Sejumlah organisasi masyarakat sipil menggelar upacara HUT Republik Indonesia ke-79 bertema ‘Indonesia is not for sale, Merdeka!’ digelar tak jauh dari Ibu Kota Nusantara (IKN). Pembentangan spanduk tema upacara itu di Jembatan Pulau Balang oleh sejumlah aktivis Greenpeace diwarnai dengan penangkapan.
Selain organisasi masyarakat sipil, upacara ini juga diikuti oleh sejumlah warga desa kawasan Pantai Lango, Kecamatan Penajam. Namun saat pemasangan spanduk di Jembatan Pulau Balang pada rangkaian upacara, sejumlah kapal milik kepolisian perairan dan udara (Polairud) menghampiri beberapa aktivis dan jurnalis. Para aktivis digiring ke Polres Penajam Paser Utara. Sedangkan para jurnalis ditahan di pos polisi jembatan, meski kemudian dibebaskan.

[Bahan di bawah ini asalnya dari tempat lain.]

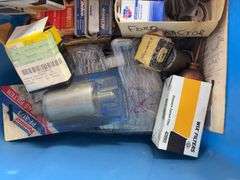 Tote of filters, parts, and more - John Deere, Wix, etc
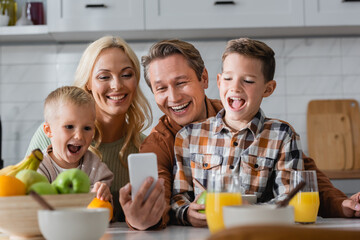cheerful man taking selfie on mobile phone with wife and sons during breakfast in kitchen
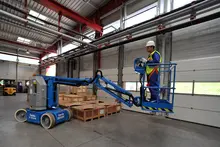 Worker on electric boom lift inside a warehouse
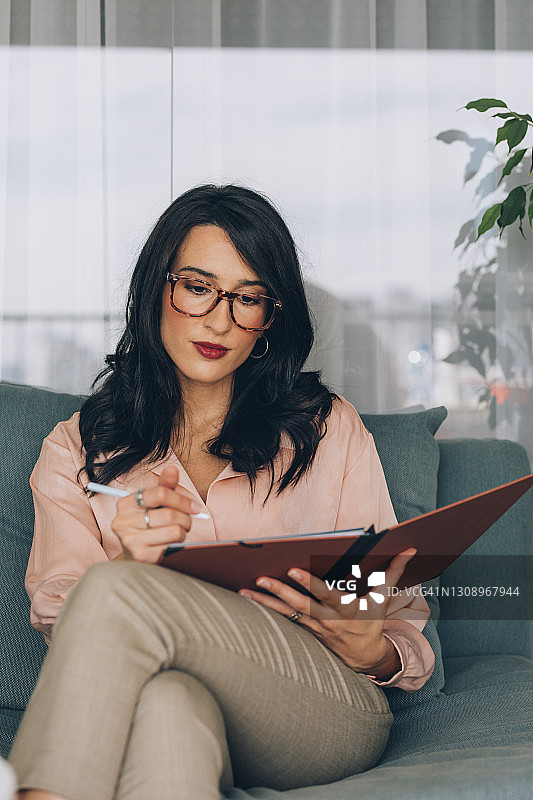 在工作中阅读文件的女商人图片素材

Arie Rompas, Ketua Tim Kampanye Greenpeace Indonesia, mengungkapkan permintaan maaf Presiden Jokowi dalam pidato kenegaraan kemarin tidak ada artinya setelah satu dekade pemerintahannya membawa Indonesia makin jauh dari cita-cita kemerdekaan. Pada akhir masa jabatannya Jokowi mewariskan berbagai masalah ketidakadilan.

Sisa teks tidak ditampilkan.